# Extracted records
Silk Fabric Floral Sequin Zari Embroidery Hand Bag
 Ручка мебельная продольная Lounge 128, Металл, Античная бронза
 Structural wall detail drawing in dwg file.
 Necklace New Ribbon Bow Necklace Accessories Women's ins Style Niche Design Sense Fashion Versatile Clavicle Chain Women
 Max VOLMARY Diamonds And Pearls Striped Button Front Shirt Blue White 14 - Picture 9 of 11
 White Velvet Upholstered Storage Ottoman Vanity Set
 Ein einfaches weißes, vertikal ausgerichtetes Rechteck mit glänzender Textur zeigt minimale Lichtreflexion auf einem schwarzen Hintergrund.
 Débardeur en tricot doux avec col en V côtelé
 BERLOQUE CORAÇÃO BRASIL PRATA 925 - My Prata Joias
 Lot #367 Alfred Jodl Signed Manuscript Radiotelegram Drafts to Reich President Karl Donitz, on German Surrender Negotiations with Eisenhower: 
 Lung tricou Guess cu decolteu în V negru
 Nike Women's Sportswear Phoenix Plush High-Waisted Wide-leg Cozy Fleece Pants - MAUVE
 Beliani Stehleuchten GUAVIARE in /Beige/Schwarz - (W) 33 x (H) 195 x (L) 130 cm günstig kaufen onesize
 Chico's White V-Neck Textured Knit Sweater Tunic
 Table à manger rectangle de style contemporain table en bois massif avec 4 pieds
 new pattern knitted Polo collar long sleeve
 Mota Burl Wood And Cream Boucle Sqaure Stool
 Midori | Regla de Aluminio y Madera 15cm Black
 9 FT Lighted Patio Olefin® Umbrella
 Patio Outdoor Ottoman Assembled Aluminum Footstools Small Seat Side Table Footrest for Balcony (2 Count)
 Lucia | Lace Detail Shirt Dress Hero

# Problem statement
Show every line from the listing that contains "Table".

# Answer section
 Table à manger rectangle de style contemporain table en bois massif avec 4 pieds
 Patio Outdoor Ottoman Assembled Aluminum Footstools Small Seat Side Table Footrest for Balcony (2 Count)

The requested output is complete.